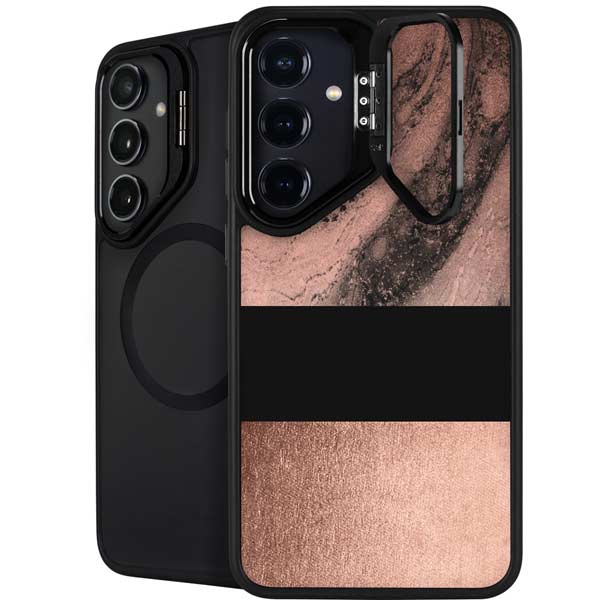 Rose Gold and Black Marble Galaxy S26 Plus Kickstand Case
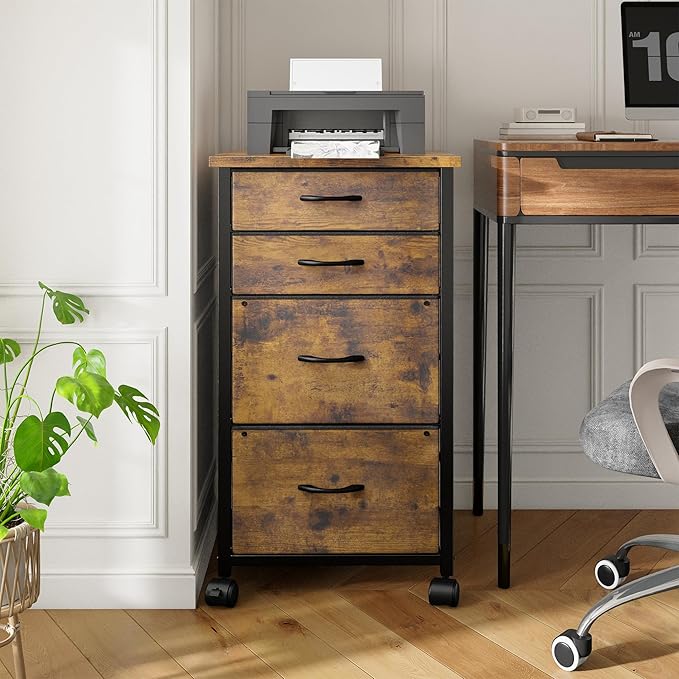 4 Drawers Mobile File Cabinet Vertical Filing Cabinet with Fabric Drawer Fits A4/Letter Size Printer Stand for Home OfficeRustic Brown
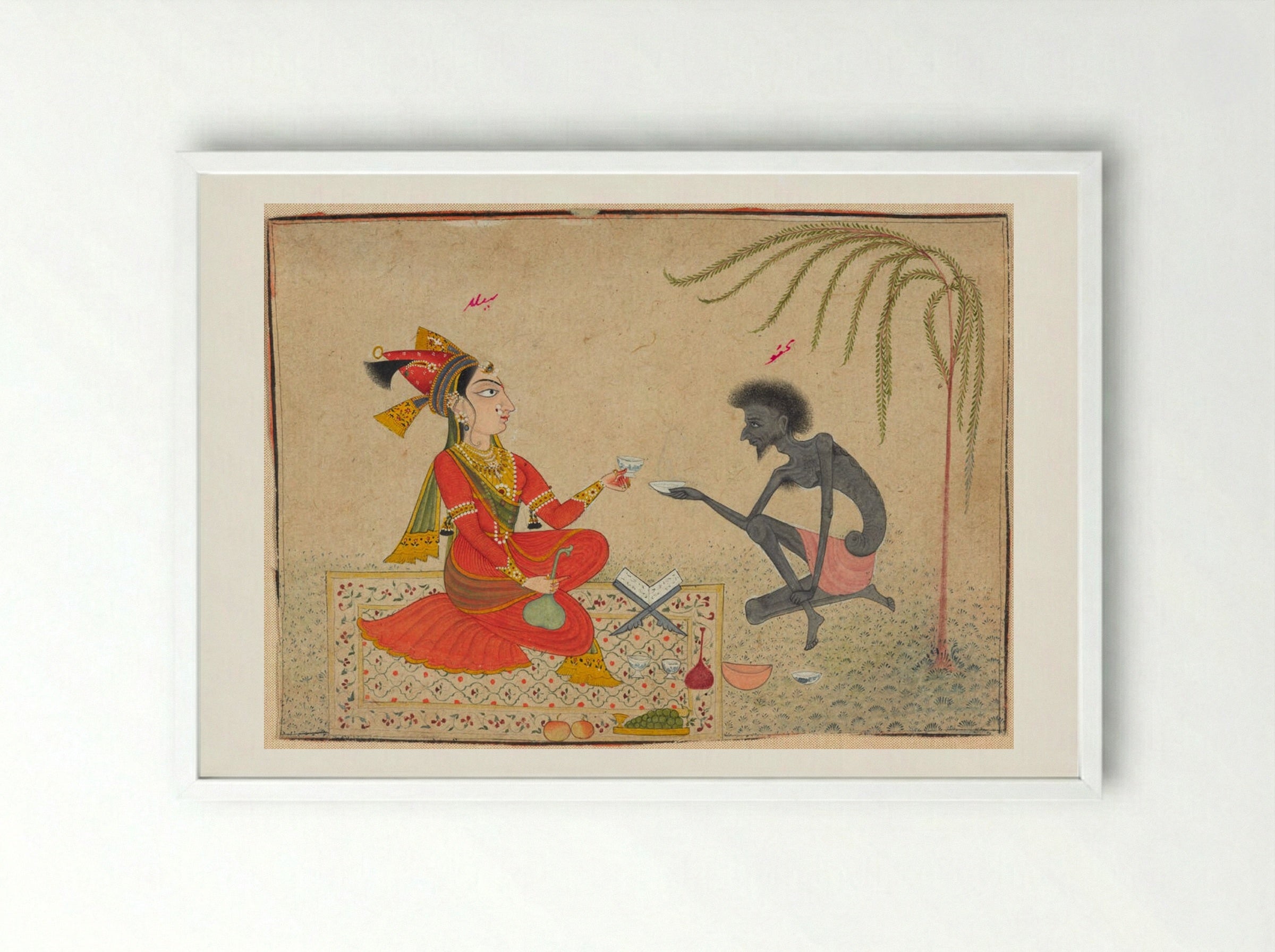 Layla and Majnun - Unknown Artist - Framed Print White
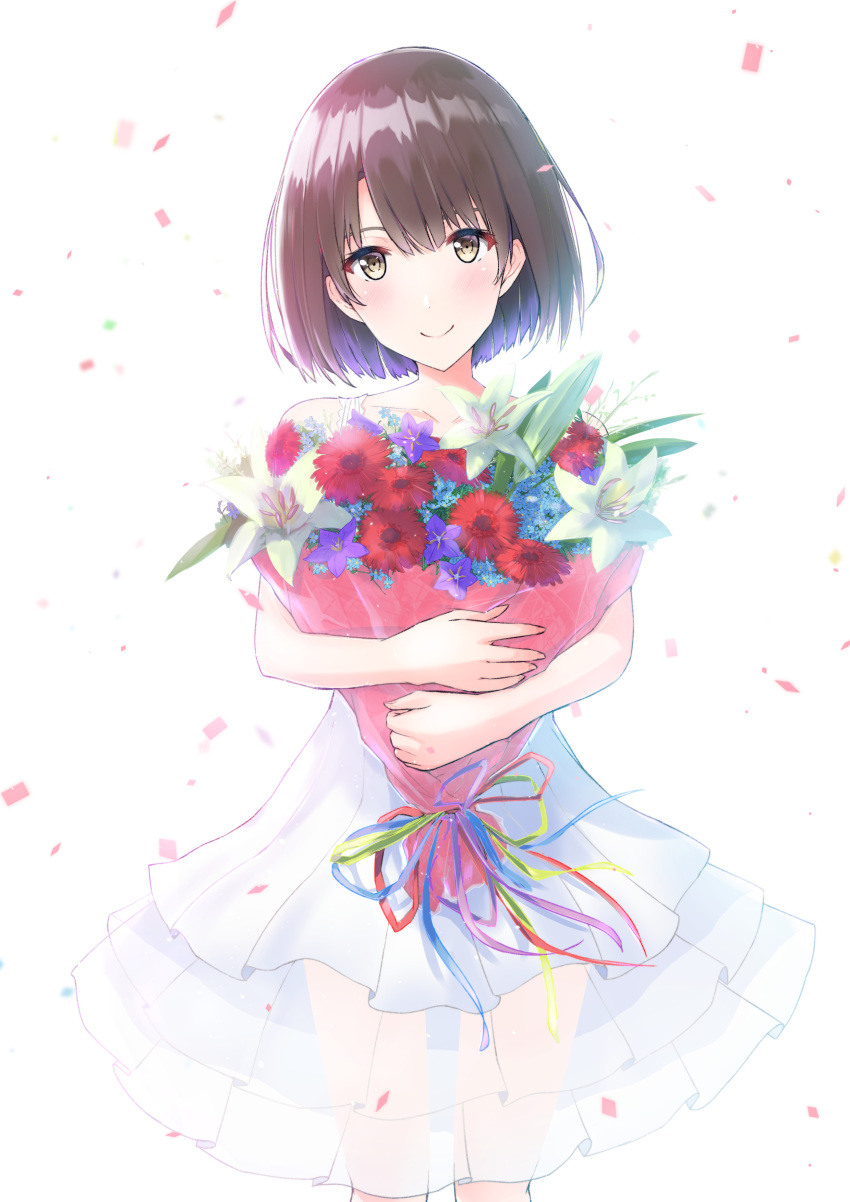 1girl absurdres bangs bare_arms bouquet brown_eyes brown_hair closed_mouth confetti dress flower head_tilt highres holding holding_bouquet katou_megumi kikuwata looking_at_viewer saenai_heroine_no_sodatekata see-through short_hair simple_background smile solo standing white_background white_dress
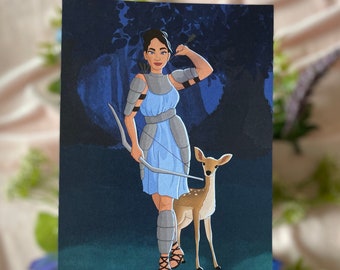 artemis, greek goddess of the moon & the hunt, greek mythology, goddess art, perfect for mythology fans, matte print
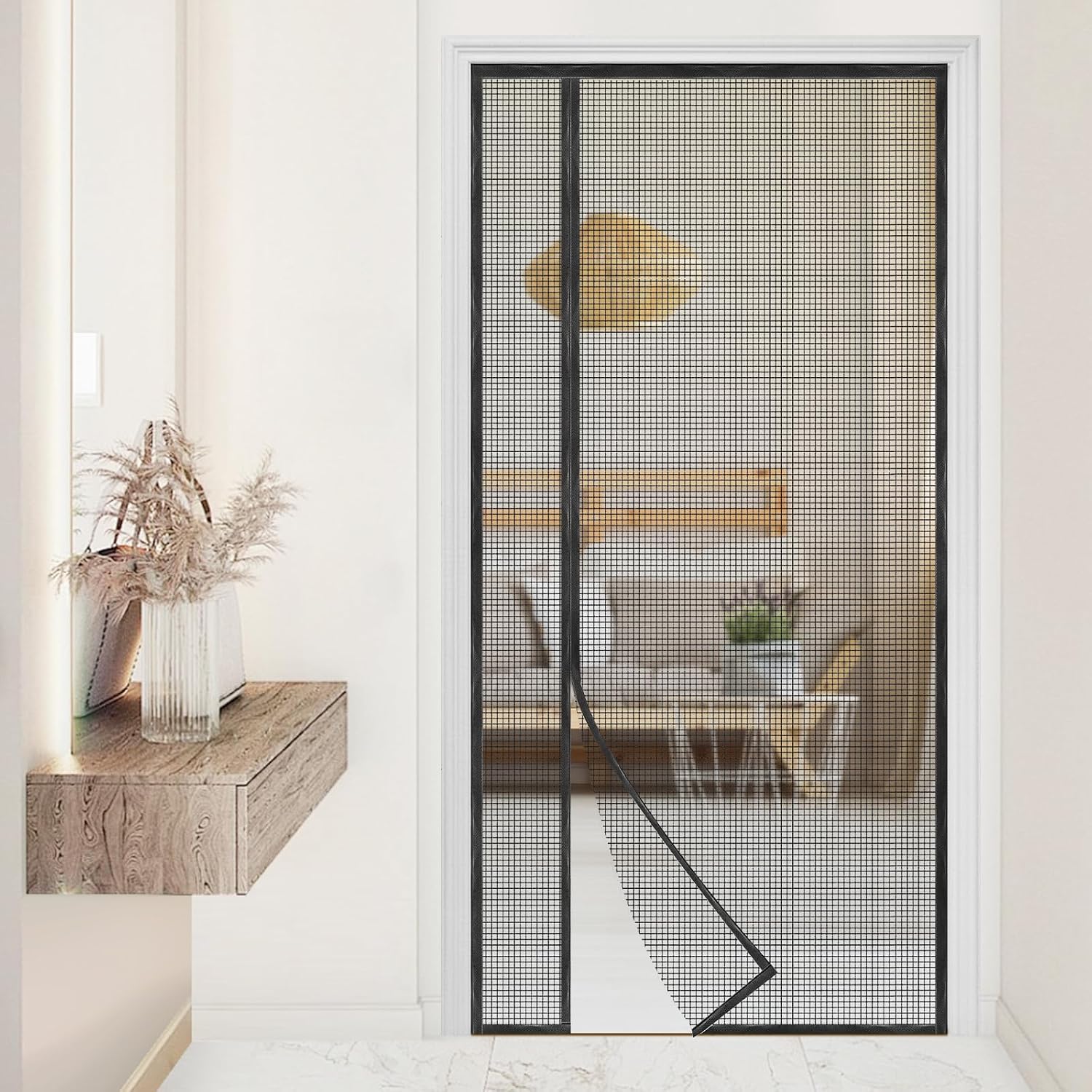 Magnetic Screen Door, Reversible Left or Right Side Opening, Mesh Door Screen with Magnetic Closure, Keep Bugs Out, Pet and Kid Friendly, Fits Door Size 36" x 80"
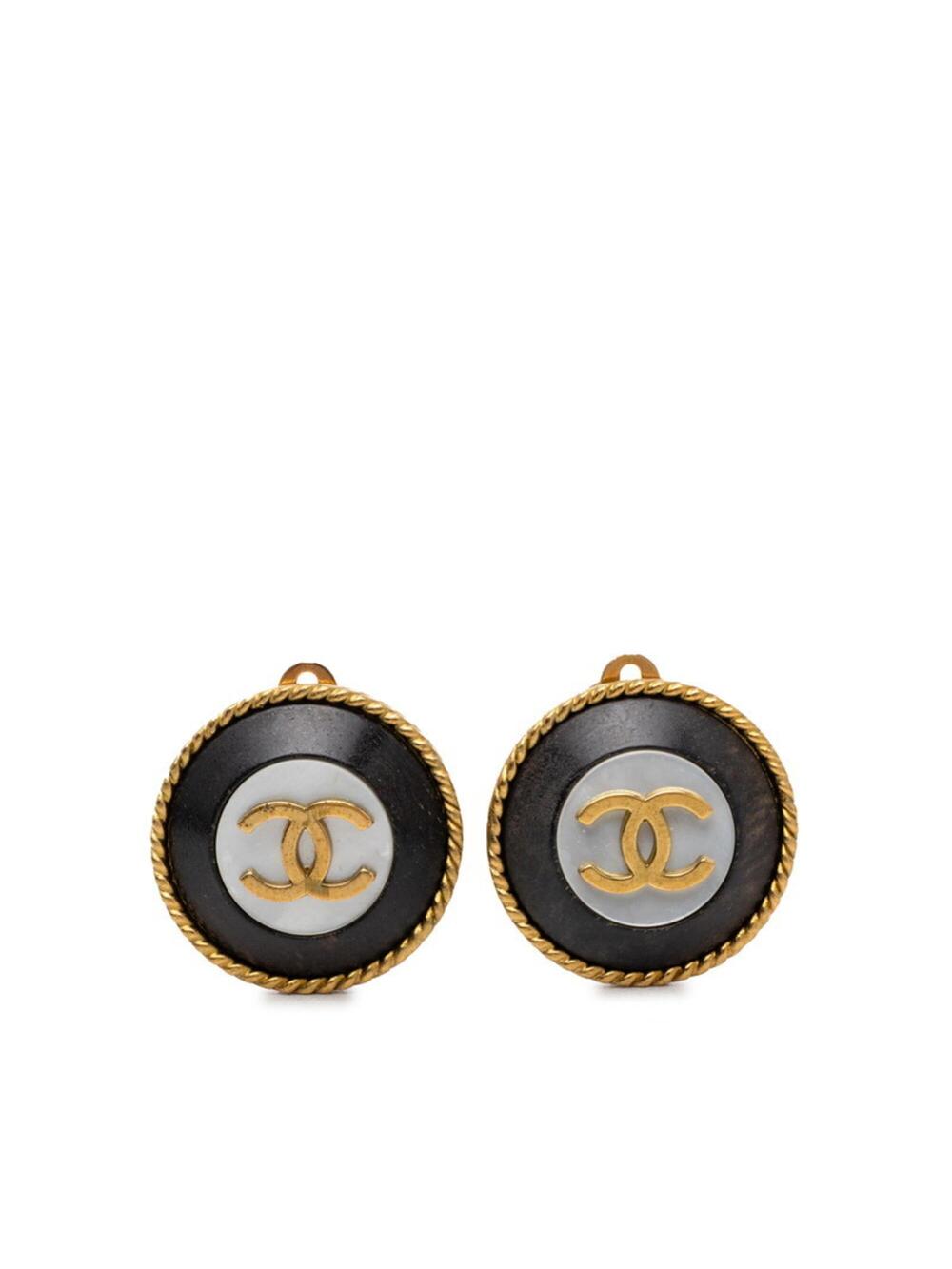 Chanel Cc Logo Round Clip-On Earrings #347042C66B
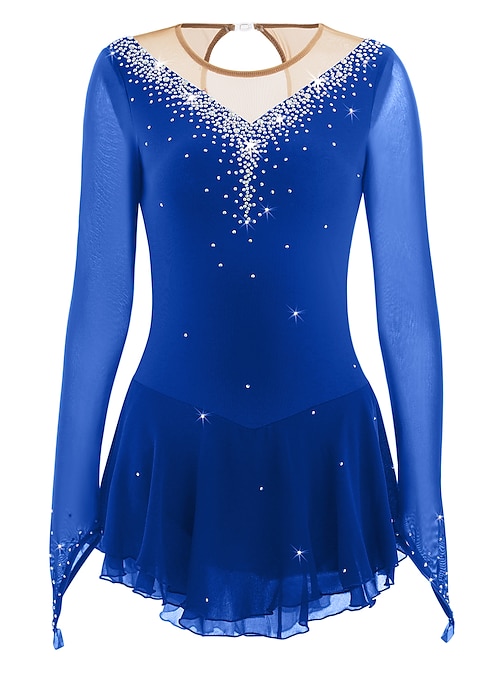 figure skating dress crystal designs Blue Crystal Figure Skating Dress - Customized Competition Costume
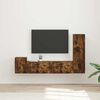 vidaXL TV Cabinet Set Wall-mounted 4 pcs Smoked Oak Engineered Wood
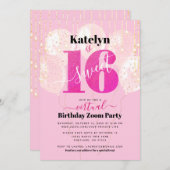 Virtual Pink Glitzer Sweet 16 Birthday Balloons Einladung (Vorne/Hinten)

------------------------------

Copy exactly the lines from the line holding "1girl absurdres bangs" to the final line of the listing, and leave the pictures out.

:: COMPLETED EXERCISE ::
 1girl absurdres bangs bare_arms bouquet brown_eyes brown_hair closed_mouth confetti dress flower head_tilt highres holding holding_bouquet katou_megumi kikuwata looking_at_viewer saenai_heroine_no_sodatekata see-through short_hair simple_background smile solo standing white_background white_dress
 artemis, greek goddess of the moon & the hunt, greek mythology, goddess art, perfect for mythology fans, matte print
 Magnetic Screen Door, Reversible Left or Right Side Opening, Mesh Door Screen with Magnetic Closure, Keep Bugs Out, Pet and Kid Friendly, Fits Door Size 36" x 80"
 Chanel Cc Logo Round Clip-On Earrings #347042C66B
 figure skating dress crystal designs Blue Crystal Figure Skating Dress - Customized Competition Costume
 vidaXL TV Cabinet Set Wall-mounted 4 pcs Smoked Oak Engineered Wood
 Virtual Pink Glitzer Sweet 16 Birthday Balloons Einladung (Vorne/Hinten)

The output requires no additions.